Turbine recently migrated servers for the games Asheron's Call and Dungeons & Dragons Online to new locations, resulting in a significant amount of downtime. As is standard with subscription-based games experiencing downtime, Turbine extended all subscriptions for those games (by one day) to compensate. Most companies stop there, but Turbine didn't. Turbine also decided to compensate players for the downtime with an offering of virtual goods.

This weekend, all players of Asheron's Call and Dungeons & Dragons Online will enjoy +25% XP gains and an increase in the drop rate of rare in-game virtual items. In addition, all users of Dungeons & Dragons Online with accounts active during the downtime will receive a free, "special" in-game item from Turbine when the next major patch for the game, Mod 9, goes live later this summer. It not known exactly what the Mod 9 item will be.

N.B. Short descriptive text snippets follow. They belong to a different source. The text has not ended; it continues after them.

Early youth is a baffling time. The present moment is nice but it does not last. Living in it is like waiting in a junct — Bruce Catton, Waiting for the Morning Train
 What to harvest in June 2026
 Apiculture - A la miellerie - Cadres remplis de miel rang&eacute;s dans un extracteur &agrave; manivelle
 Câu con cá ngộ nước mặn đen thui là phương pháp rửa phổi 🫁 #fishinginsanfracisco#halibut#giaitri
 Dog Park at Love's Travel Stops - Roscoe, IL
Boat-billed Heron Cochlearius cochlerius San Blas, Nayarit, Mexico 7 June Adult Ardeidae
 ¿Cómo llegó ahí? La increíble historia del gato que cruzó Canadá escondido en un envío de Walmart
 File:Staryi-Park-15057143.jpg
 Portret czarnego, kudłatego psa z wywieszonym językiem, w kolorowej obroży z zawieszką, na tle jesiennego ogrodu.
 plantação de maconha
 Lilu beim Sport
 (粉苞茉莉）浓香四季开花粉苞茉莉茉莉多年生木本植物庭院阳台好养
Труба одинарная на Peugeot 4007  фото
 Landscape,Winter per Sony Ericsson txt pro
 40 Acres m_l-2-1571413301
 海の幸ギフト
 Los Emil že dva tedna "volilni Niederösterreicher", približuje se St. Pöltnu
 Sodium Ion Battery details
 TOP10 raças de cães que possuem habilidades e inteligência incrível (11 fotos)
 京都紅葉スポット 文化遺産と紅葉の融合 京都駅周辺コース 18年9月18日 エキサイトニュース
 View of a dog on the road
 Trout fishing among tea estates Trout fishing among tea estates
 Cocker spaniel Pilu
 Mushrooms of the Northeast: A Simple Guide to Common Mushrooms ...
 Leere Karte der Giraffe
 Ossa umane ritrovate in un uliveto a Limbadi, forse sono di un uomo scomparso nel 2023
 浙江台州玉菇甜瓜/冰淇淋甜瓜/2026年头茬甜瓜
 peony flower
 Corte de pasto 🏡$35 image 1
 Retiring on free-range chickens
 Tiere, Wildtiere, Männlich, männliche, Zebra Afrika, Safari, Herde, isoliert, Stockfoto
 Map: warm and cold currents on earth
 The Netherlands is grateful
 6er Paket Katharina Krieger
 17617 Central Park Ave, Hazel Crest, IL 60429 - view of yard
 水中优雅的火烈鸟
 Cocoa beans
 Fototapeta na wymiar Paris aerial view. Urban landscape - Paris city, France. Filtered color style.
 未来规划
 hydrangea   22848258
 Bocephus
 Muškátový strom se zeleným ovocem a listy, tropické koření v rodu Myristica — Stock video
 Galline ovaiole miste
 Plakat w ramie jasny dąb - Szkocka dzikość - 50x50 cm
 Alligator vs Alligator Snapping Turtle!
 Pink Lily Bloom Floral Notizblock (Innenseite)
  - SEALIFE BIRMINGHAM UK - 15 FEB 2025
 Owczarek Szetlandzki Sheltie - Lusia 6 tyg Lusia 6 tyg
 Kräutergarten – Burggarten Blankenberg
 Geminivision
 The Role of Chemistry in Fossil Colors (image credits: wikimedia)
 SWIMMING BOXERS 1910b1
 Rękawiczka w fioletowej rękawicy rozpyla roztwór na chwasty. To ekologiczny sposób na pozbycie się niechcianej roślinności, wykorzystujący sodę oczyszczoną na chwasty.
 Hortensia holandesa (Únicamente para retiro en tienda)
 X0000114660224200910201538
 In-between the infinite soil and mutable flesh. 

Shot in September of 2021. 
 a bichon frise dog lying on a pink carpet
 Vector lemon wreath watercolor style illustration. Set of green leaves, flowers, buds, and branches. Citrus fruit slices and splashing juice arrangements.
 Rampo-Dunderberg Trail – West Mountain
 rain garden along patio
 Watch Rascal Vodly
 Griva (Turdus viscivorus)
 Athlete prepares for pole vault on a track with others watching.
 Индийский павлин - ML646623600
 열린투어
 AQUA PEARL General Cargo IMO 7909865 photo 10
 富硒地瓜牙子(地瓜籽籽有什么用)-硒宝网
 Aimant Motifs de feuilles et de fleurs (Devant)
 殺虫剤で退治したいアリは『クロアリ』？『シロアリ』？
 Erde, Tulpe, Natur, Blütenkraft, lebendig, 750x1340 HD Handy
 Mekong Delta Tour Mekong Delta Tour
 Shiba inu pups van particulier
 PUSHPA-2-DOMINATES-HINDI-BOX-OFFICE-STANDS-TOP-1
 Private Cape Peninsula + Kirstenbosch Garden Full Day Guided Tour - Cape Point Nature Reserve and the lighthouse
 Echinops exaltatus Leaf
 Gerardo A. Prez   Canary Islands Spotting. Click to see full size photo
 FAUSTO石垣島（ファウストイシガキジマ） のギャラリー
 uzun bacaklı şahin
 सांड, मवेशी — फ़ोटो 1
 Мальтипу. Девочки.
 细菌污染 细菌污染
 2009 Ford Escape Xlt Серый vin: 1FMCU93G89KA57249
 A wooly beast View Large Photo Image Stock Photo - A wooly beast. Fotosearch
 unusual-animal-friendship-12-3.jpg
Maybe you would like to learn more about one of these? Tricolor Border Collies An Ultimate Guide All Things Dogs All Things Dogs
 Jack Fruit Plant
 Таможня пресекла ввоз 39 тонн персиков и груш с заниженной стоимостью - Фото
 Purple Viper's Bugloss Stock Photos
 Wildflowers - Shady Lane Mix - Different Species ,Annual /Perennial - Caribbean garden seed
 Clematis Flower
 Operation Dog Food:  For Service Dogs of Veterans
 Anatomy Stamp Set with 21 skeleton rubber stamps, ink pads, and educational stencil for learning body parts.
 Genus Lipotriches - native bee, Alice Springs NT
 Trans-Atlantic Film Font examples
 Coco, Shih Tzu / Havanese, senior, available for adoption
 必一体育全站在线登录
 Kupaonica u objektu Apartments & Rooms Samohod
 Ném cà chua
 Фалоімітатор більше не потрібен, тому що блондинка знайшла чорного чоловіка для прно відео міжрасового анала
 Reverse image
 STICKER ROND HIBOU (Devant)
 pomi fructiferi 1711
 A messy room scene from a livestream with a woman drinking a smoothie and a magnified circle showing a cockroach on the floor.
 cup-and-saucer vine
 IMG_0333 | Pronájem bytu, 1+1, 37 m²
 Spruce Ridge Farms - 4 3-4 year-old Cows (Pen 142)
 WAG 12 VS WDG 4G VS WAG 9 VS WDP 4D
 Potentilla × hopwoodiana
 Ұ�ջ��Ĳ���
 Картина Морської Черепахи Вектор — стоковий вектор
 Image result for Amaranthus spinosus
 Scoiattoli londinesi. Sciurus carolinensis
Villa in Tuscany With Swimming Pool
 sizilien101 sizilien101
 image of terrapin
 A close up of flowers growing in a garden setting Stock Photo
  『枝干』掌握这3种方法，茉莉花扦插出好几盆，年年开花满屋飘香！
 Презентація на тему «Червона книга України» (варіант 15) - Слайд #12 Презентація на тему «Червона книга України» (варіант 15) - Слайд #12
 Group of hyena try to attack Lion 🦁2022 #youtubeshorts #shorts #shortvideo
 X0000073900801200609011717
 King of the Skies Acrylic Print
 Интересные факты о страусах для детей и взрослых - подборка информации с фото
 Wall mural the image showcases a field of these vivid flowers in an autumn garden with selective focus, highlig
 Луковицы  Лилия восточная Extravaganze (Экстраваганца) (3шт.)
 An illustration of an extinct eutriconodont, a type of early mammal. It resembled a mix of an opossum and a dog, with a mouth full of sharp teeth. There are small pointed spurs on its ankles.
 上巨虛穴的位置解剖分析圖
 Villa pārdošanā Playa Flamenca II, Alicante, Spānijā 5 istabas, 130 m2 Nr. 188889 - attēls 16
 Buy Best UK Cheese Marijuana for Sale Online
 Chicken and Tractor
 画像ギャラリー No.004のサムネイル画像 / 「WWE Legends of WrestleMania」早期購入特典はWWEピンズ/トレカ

That Turbine is doing this is more than just a nice gesture to the players: it's a tacit admission that the in-game goods players can acquire in Asheron's Call and especially Dungeons & Dragons Online have sufficient monetary value to help compensate for an outage in paid service subscription. In fact, the weekend period of increased XP gain and rare item drops this weekend parallels a virtual item that severeal free-to-play games like Maple Story sell for real money (though usually it's a larger bonus granted over a briefer period of time, something like four hours).

Turbine has already proven that, as a company, it appreciates the value of virtual goods. In January it announced it would be hiring a Microtransactions/eCommerce manager responsible for running an in-game item store selling virtual goods for real money. The store was not to be integrated into any existing Turbine property but would be incorporated into an upcoming game project.

Still, we've seen before how dabbling in RMT for one project ultimately lead to changes in corporate MMORPG culture regarding virtual goods with SOE, which began selling virtual CCG cards in Legends of Norrath and eventually moved to selling wider varieties of virtual goods in its two EverQuest titles. It will be interesting to see if Turbine's attitude toward virtual goods experiences similar changes in the future, too.